Scholarships for Studying Abroad
海外留学のための奨学金

グローバル人材育成のためのスウェーデン学校臨床実習

令和5(2023年度)支援
研修先:スウェーデン 実施部局:教育学部 研修期間:2024年3月9日~3月20日 12(日間) 参加者数:7(人)

 本研修は、教育に関わる仕事に就きたい学生に北欧での約1週間の教育実習をさせることで、グローバルな視野で貢献できる人材を育てることを目的としています。

 スウェーデン学校研修はコロナ禍による中断はあるものの、2015年から教育学部が継続して実施しています。2019年からは金沢大学と共同で実施するようになり、今回は初めて聖心女子大学と津田塾大学も加えて、4大学合同で実施しました。
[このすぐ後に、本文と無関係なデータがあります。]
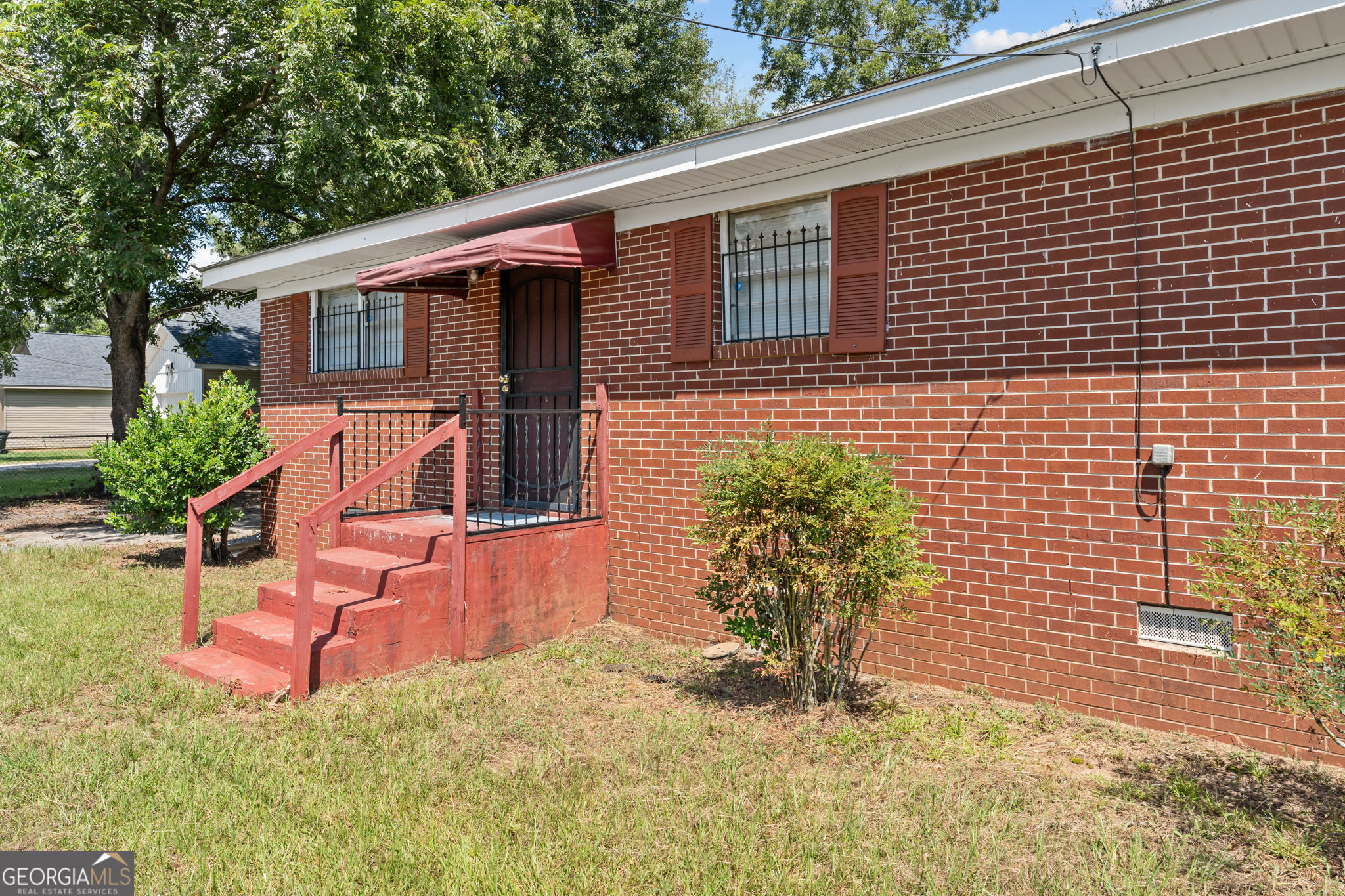 801 E Church Street Property Photo 2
信州大学からは教育学部と教育学研究科の学生7人が参加しました。

 教育実習に先立ち、信州大学教育学部との連携協定のあるウプサラ大学でスウェーデンの教員養成についての講義や学生の発表、職員による大学案内を聞きました。信州大学から来ている交換留学生と合流して交流ランチをした後は、晴天に恵まれたウプサラの街を散策しました。歴史あるウプサラの街を歩きながら、次はぜひとも交換留学生として来てみたい、と話す学生もいました。
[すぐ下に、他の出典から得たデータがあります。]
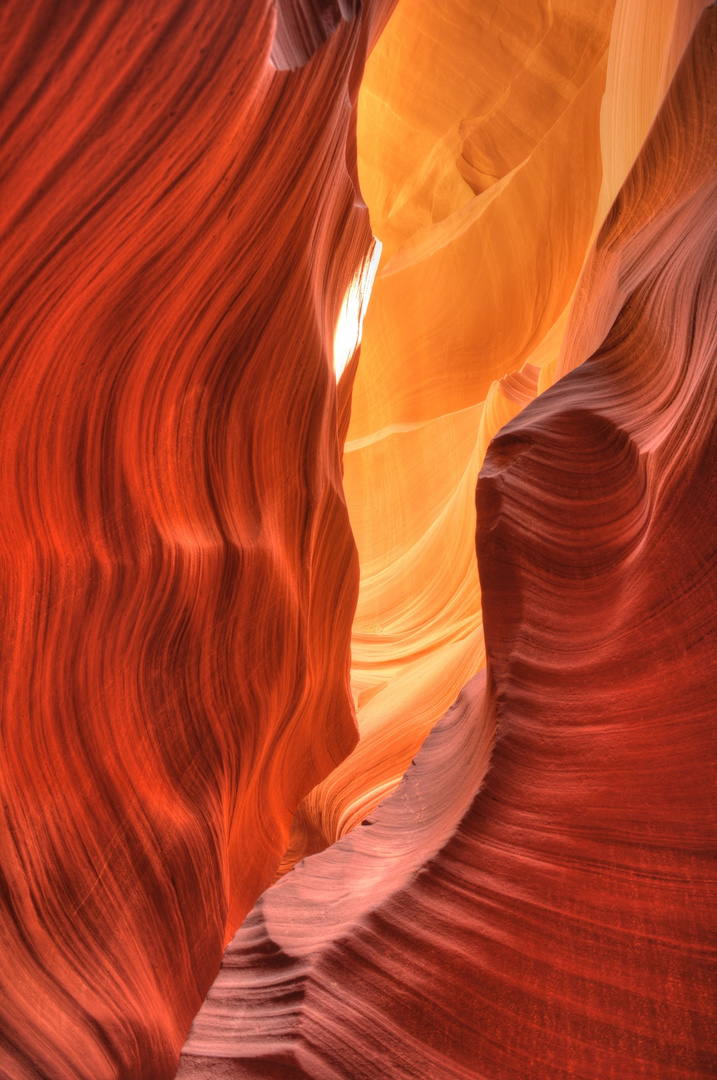 Lower Antelope Canyon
 教育実習では、ナッカ市とウプサラ市の4つの公立基礎学校を訪問しました。朝、子供たちが登校する時間に合わせて学校を訪問し、日課が終わるまでそれぞれの教室で過ごしました。どの学校でも、先生方や子供たちが温かく迎えてくださり、参加者は毎日たくさんの刺激を受けました。特に、日本の教室との規律やルールの違いに気が付く参加者が多くいました。子供たちは比較的自由に過ごしていて、先生と生徒の関係もフラットな印象を受けました。理科の実験や工作、裁縫などの場面では、日本ではけがや事故がないように丁寧に説明して、みんなが同じように取り組みますが、スウェーデンではそれぞれの子供が試行錯誤を繰り返しながら、工夫して、やりたいように進めていました。また、支援が必要な時だけ先生が手助けをするという場面が見られました。
 休み時間や給食では、子供たちと遊んだり、話したりする時間がたくさんありました。小さい子でも、一生懸命英語で話しかけてくれて、仲良くなった子とは記念に帽子を交換したりしました。様々な違いに気が付きますが、こうした交流を通じて、遠く離れていても共通する部分があることも感じました。特に、子供たちに向き合う先生方の姿勢からは、根本的に変わらないことがあるということに気が付きました。
今回の研修を通して、参加者は自身の教育観を広げることができました。ある参加者は、「日本に帰ってからもスウェーデンでの研修の成果を十分に発揮し、より良い教師になるために努力を続けていきたい」と綴っています。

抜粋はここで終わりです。